The table below shows the distances, in km, between six data collection points, $\mathrm { A } , \mathrm { B } , \mathrm { C } , \mathrm { D } , \mathrm { E }$, and F .

\begin{center}
\begin{tabular}{|l|l|l|l|l|l|l|}
\hline
 & A & B & C & D & E & F \\
\hline
A & - & 77 & 34 & 56 & 67 & 21 \\
\hline
B & 77 & - & 58 & 58 & 36 & 74 \\
\hline
C & 34 & 58 & - & 73 & 70 & 42 \\
\hline
D & 56 & 58 & 73 & - & 68 & 38 \\
\hline
E & 67 & 36 & 70 & 68 & - & 71 \\
\hline
F & 21 & 74 & 42 & 38 & 71 & - \\
\hline
\end{tabular}
\end{center}

Rachel must visit each collection point. She will start and finish at A and wishes to minimise the total distance travelled.\\
(b) Starting at A, use the nearest neighbour algorithm to obtain an upper bound. Make your method clear.

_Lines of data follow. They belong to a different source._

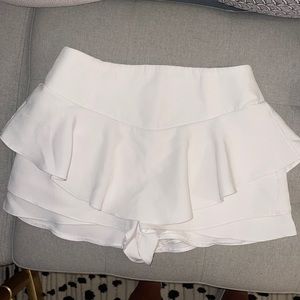 Xs white ruffle mini skirt
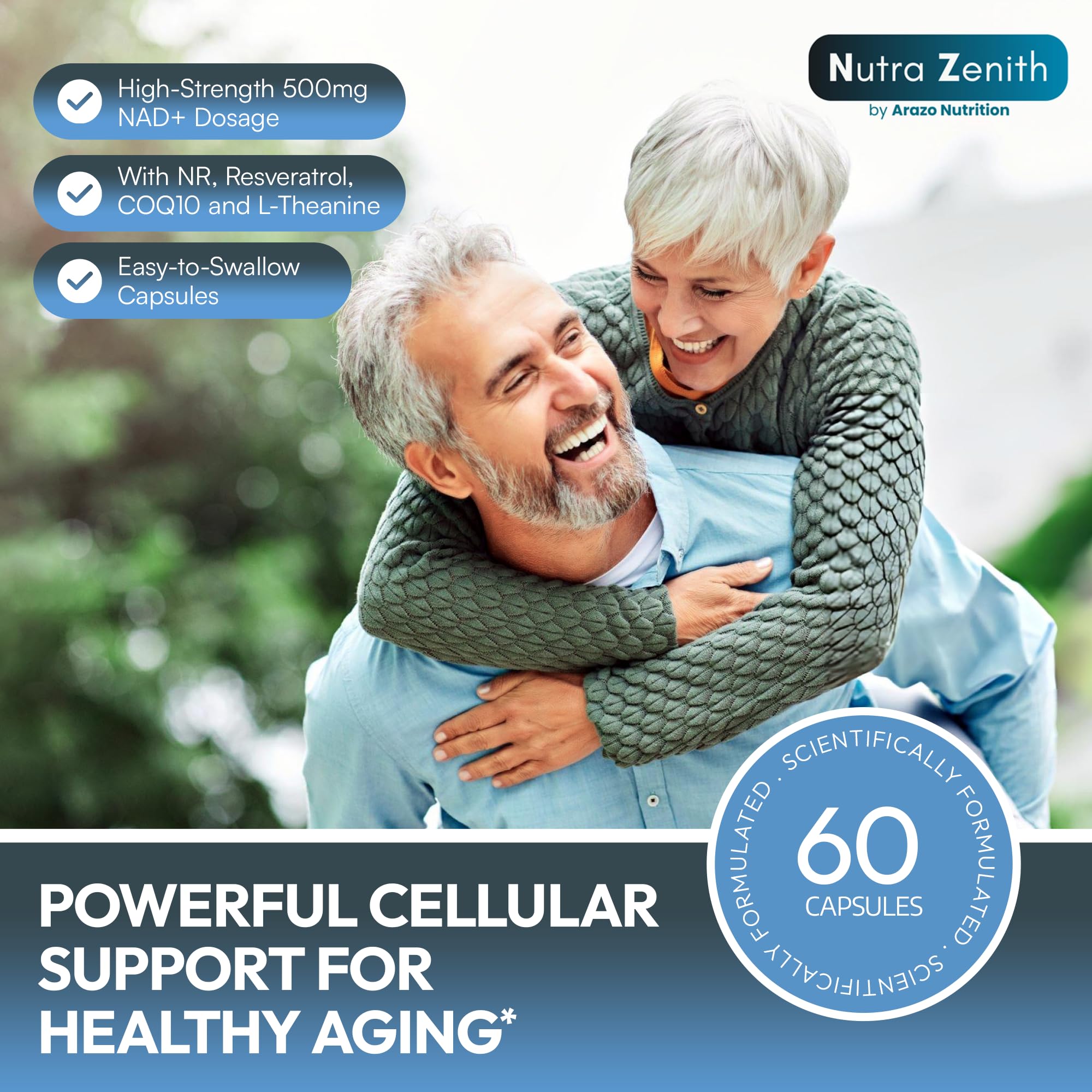 NAD+ Supplement with Nicotinamide Riboside (NMN Alternative), CoQ10 & Resveratrol – 60 Capsules for Healthy Aging Support, Energy Boost & Cognitive Function Enhancement – Cellular Renewal & Vitality Arazo Nutrition buy supplements canada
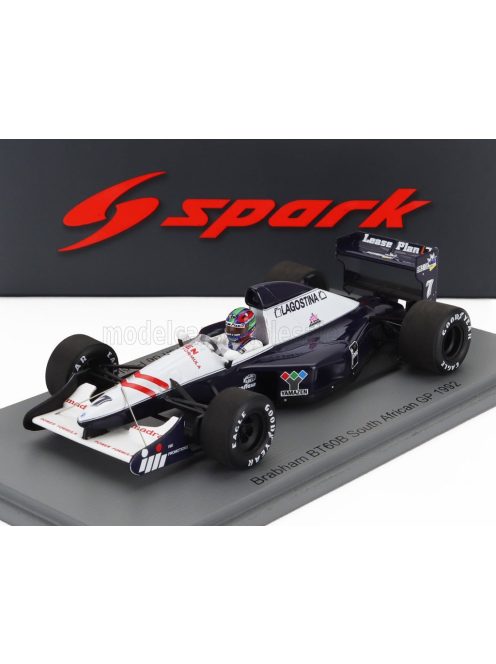 Spark - BRABHAM F1  BT60B N 7 SOUTH AFRICAN GP 1992 ERIC VAN DE POELE BLUE WHITE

Starting at B, a second upper bound of 293 km was found.\\
(c) State the better upper bound of these two, giving a reason for your answer.

By deleting A, a lower bound was found to be 245 km .\\
(d) By deleting B, find a second lower bound. Make your method clear.\\
(e) State the better lower bound of these two, giving a reason for your answer.\\
(f) Taking your answers to (c) and (e), use inequalities to write down an interval that must contain the length of Rachel's optimal route.\\

\hfill \mbox{\textit{Edexcel D2 2009 Q2 [12]}}

This paper (8 questions)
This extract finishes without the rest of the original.